Most Americans do not know what fried gram is and will have difficulty finding exactly what they need in a regular store. That is why I always suggest going to ethnic markets. You can also buy online and get better deals and save some time. You can either buy roasted/fried gram/dal or make it yourself in a hot wok with no oil and do not make them brown or black. I have been looking for a vendor in USA for them online with zero luck, so if anyone has any info on that please email me.

In South India, finding roasted/fried gram/dal is very easy. This recipe is not a traditional one in my household and the reason I included it was because chutney’s are very important in India. We use them with many different fried foods and breads.

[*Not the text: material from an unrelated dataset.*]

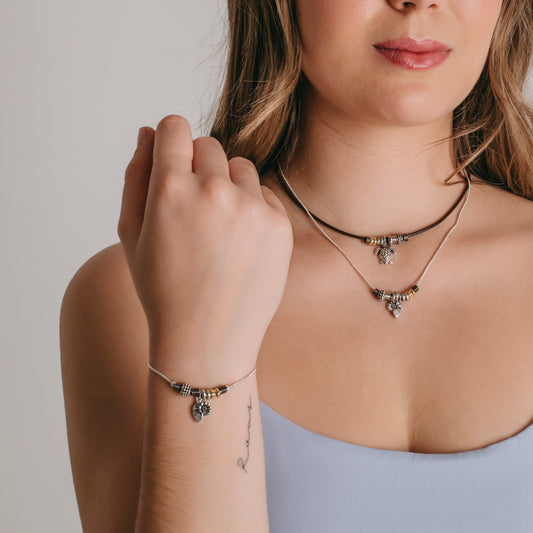 Pulsera de Cadena con Abalorios y Colgante plateado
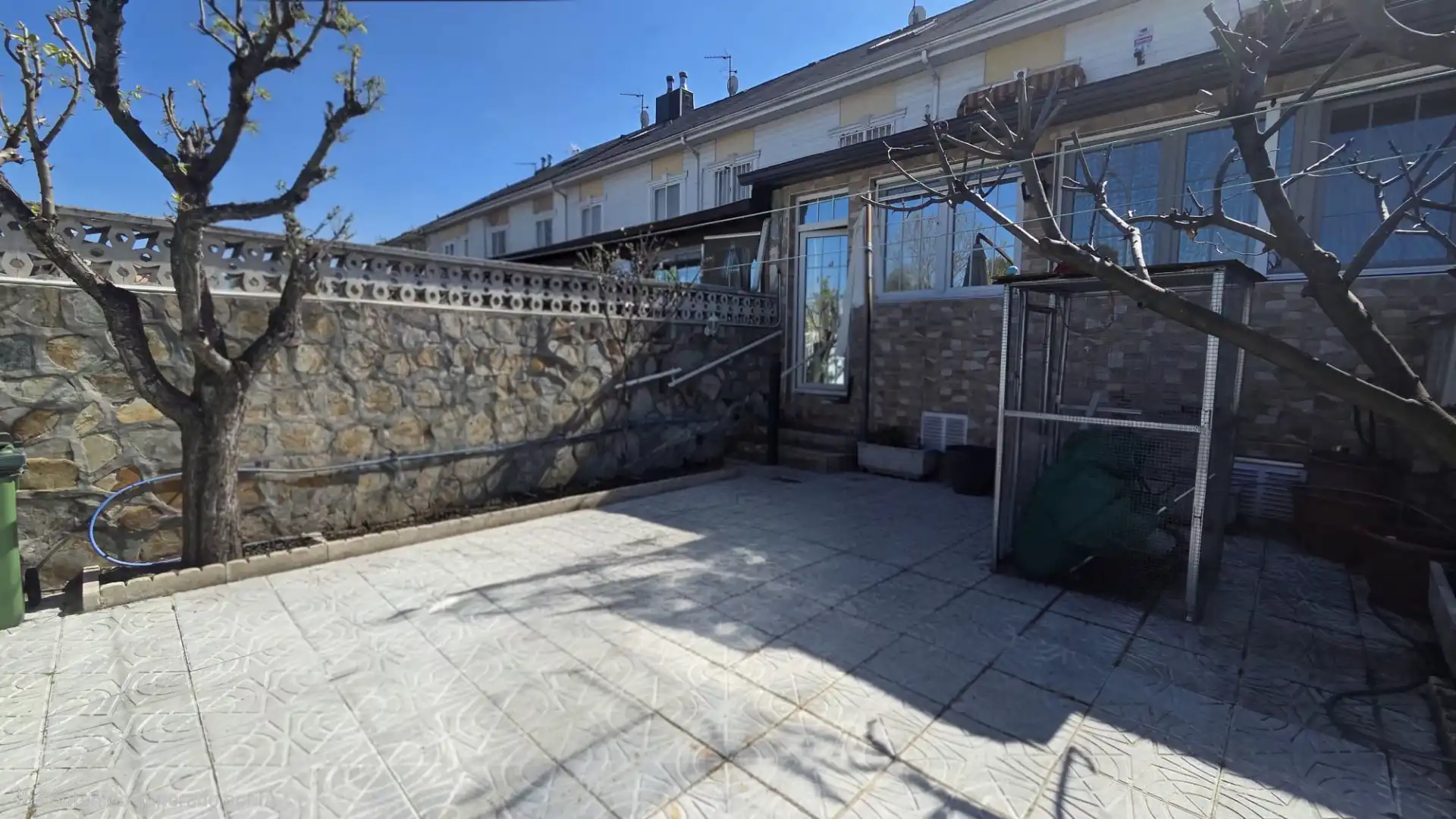 Terrassa de Casa o xalet en venda en Parla amb Aire condicionat, Calefacció i Jardí privat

My favorite dip to this chutney is bonda/mysore buji balls (please excuse my Hindi as I rarely use it as Telugu is the language more common to me in Hyder)

Fried Gram Chutney

1/2 of a coconut grated
curry leaves 5-8
fried gram- 50 g
5 Green chilies
1 tbsp mustard seeds
1 tbsp oil
salt to taste
10 g of tamarind

Grinding: together grated coconut,fried gram,green chillies,tamarind and salt into a fine paste.
Tempering: heat oil in a pan. add mustard seeds.when they splutter, add curry leaves.pour the chutney paste into it and stir well. remove from fire.
Serve with masala dosas,idlis or chapatis.